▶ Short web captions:
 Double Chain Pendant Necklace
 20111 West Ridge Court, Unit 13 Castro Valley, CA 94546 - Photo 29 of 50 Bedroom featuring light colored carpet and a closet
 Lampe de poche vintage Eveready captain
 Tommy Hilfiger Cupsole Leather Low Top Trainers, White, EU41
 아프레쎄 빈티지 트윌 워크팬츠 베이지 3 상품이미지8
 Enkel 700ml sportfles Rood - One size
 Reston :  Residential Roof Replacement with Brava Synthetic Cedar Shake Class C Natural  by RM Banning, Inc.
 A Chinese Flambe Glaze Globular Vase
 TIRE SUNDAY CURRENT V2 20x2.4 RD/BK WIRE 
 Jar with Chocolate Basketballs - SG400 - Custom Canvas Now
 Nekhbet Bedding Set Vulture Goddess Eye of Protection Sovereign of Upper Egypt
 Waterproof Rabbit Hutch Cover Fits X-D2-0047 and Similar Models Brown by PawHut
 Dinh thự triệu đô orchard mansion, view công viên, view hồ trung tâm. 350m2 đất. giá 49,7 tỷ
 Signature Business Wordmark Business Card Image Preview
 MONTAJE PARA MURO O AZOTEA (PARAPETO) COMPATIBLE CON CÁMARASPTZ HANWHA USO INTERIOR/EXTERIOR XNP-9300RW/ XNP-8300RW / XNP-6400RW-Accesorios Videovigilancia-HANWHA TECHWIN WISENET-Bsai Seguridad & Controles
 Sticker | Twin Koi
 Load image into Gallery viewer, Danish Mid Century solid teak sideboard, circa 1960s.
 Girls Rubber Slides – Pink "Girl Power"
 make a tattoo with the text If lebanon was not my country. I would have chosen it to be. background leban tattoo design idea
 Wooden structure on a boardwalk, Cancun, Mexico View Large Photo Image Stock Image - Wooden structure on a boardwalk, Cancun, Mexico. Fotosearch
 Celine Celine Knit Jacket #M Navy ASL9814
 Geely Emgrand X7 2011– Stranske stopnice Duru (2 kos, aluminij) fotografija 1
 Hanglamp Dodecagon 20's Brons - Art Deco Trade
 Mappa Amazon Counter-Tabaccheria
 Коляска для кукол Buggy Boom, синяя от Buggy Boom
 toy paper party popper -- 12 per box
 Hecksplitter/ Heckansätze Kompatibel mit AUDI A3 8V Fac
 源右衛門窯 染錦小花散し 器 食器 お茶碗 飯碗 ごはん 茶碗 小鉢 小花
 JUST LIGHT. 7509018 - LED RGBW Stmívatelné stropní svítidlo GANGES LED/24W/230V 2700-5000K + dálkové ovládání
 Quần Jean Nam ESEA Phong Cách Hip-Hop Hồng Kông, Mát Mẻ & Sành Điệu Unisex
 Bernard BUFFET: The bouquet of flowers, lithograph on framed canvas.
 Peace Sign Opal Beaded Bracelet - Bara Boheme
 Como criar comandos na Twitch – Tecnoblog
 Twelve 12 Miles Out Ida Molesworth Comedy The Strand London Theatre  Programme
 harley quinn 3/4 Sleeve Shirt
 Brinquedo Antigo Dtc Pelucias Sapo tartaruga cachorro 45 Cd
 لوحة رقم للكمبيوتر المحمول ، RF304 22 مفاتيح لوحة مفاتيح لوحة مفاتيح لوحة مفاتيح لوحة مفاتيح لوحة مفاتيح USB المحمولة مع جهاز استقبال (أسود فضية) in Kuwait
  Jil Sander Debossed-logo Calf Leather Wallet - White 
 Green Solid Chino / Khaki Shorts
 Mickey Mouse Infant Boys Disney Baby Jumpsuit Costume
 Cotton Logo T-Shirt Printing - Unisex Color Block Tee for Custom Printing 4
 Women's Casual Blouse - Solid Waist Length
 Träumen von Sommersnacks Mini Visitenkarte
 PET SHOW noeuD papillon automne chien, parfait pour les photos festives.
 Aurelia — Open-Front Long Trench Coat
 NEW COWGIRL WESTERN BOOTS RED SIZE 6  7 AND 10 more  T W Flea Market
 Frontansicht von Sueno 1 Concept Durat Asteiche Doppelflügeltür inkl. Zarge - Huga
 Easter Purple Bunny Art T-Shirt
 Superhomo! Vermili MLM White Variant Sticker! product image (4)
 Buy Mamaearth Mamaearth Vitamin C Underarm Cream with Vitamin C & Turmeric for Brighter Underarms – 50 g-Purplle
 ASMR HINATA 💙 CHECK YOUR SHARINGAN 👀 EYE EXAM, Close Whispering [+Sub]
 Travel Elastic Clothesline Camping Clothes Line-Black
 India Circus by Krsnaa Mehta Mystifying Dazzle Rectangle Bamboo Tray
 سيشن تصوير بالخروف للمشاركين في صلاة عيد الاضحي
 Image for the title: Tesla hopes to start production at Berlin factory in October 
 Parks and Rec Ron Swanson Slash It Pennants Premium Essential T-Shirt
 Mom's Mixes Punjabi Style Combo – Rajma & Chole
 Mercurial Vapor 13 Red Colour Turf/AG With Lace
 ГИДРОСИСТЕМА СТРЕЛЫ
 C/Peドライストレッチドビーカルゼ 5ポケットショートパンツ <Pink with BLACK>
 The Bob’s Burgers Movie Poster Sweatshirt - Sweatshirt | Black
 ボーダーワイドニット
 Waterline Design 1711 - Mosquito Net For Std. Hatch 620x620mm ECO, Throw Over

▶ ABOUT THIS TASK:
All of the data above must be set down again exactly.

▶ FINAL ANSWER:
 Double Chain Pendant Necklace
 20111 West Ridge Court, Unit 13 Castro Valley, CA 94546 - Photo 29 of 50 Bedroom featuring light colored carpet and a closet
 Lampe de poche vintage Eveready captain
 Tommy Hilfiger Cupsole Leather Low Top Trainers, White, EU41
 아프레쎄 빈티지 트윌 워크팬츠 베이지 3 상품이미지8
 Enkel 700ml sportfles Rood - One size
 Reston :  Residential Roof Replacement with Brava Synthetic Cedar Shake Class C Natural  by RM Banning, Inc.
 A Chinese Flambe Glaze Globular Vase
 TIRE SUNDAY CURRENT V2 20x2.4 RD/BK WIRE 
 Jar with Chocolate Basketballs - SG400 - Custom Canvas Now
 Nekhbet Bedding Set Vulture Goddess Eye of Protection Sovereign of Upper Egypt
 Waterproof Rabbit Hutch Cover Fits X-D2-0047 and Similar Models Brown by PawHut
 Dinh thự triệu đô orchard mansion, view công viên, view hồ trung tâm. 350m2 đất. giá 49,7 tỷ
 Signature Business Wordmark Business Card Image Preview
 MONTAJE PARA MURO O AZOTEA (PARAPETO) COMPATIBLE CON CÁMARASPTZ HANWHA USO INTERIOR/EXTERIOR XNP-9300RW/ XNP-8300RW / XNP-6400RW-Accesorios Videovigilancia-HANWHA TECHWIN WISENET-Bsai Seguridad & Controles
 Sticker | Twin Koi
 Load image into Gallery viewer, Danish Mid Century solid teak sideboard, circa 1960s.
 Girls Rubber Slides – Pink "Girl Power"
 make a tattoo with the text If lebanon was not my country. I would have chosen it to be. background leban tattoo design idea
 Wooden structure on a boardwalk, Cancun, Mexico View Large Photo Image Stock Image - Wooden structure on a boardwalk, Cancun, Mexico. Fotosearch
 Celine Celine Knit Jacket #M Navy ASL9814
 Geely Emgrand X7 2011– Stranske stopnice Duru (2 kos, aluminij) fotografija 1
 Hanglamp Dodecagon 20's Brons - Art Deco Trade
 Mappa Amazon Counter-Tabaccheria
 Коляска для кукол Buggy Boom, синяя от Buggy Boom
 toy paper party popper -- 12 per box
 Hecksplitter/ Heckansätze Kompatibel mit AUDI A3 8V Fac
 源右衛門窯 染錦小花散し 器 食器 お茶碗 飯碗 ごはん 茶碗 小鉢 小花
 JUST LIGHT. 7509018 - LED RGBW Stmívatelné stropní svítidlo GANGES LED/24W/230V 2700-5000K + dálkové ovládání
 Quần Jean Nam ESEA Phong Cách Hip-Hop Hồng Kông, Mát Mẻ & Sành Điệu Unisex
 Bernard BUFFET: The bouquet of flowers, lithograph on framed canvas.
 Peace Sign Opal Beaded Bracelet - Bara Boheme
 Como criar comandos na Twitch – Tecnoblog
 Twelve 12 Miles Out Ida Molesworth Comedy The Strand London Theatre  Programme
 harley quinn 3/4 Sleeve Shirt
 Brinquedo Antigo Dtc Pelucias Sapo tartaruga cachorro 45 Cd
 لوحة رقم للكمبيوتر المحمول ، RF304 22 مفاتيح لوحة مفاتيح لوحة مفاتيح لوحة مفاتيح لوحة مفاتيح لوحة مفاتيح USB المحمولة مع جهاز استقبال (أسود فضية) in Kuwait
  Jil Sander Debossed-logo Calf Leather Wallet - White 
 Green Solid Chino / Khaki Shorts
 Mickey Mouse Infant Boys Disney Baby Jumpsuit Costume
 Cotton Logo T-Shirt Printing - Unisex Color Block Tee for Custom Printing 4
 Women's Casual Blouse - Solid Waist Length
 Träumen von Sommersnacks Mini Visitenkarte
 PET SHOW noeuD papillon automne chien, parfait pour les photos festives.
 Aurelia — Open-Front Long Trench Coat
 NEW COWGIRL WESTERN BOOTS RED SIZE 6  7 AND 10 more  T W Flea Market
 Frontansicht von Sueno 1 Concept Durat Asteiche Doppelflügeltür inkl. Zarge - Huga
 Easter Purple Bunny Art T-Shirt
 Superhomo! Vermili MLM White Variant Sticker! product image (4)
 Buy Mamaearth Mamaearth Vitamin C Underarm Cream with Vitamin C & Turmeric for Brighter Underarms – 50 g-Purplle
 ASMR HINATA 💙 CHECK YOUR SHARINGAN 👀 EYE EXAM, Close Whispering [+Sub]
 Travel Elastic Clothesline Camping Clothes Line-Black
 India Circus by Krsnaa Mehta Mystifying Dazzle Rectangle Bamboo Tray
 سيشن تصوير بالخروف للمشاركين في صلاة عيد الاضحي
 Image for the title: Tesla hopes to start production at Berlin factory in October 
 Parks and Rec Ron Swanson Slash It Pennants Premium Essential T-Shirt
 Mom's Mixes Punjabi Style Combo – Rajma & Chole
 Mercurial Vapor 13 Red Colour Turf/AG With Lace
 ГИДРОСИСТЕМА СТРЕЛЫ
 C/Peドライストレッチドビーカルゼ 5ポケットショートパンツ <Pink with BLACK>
 The Bob’s Burgers Movie Poster Sweatshirt - Sweatshirt | Black
 ボーダーワイドニット
 Waterline Design 1711 - Mosquito Net For Std. Hatch 620x620mm ECO, Throw Over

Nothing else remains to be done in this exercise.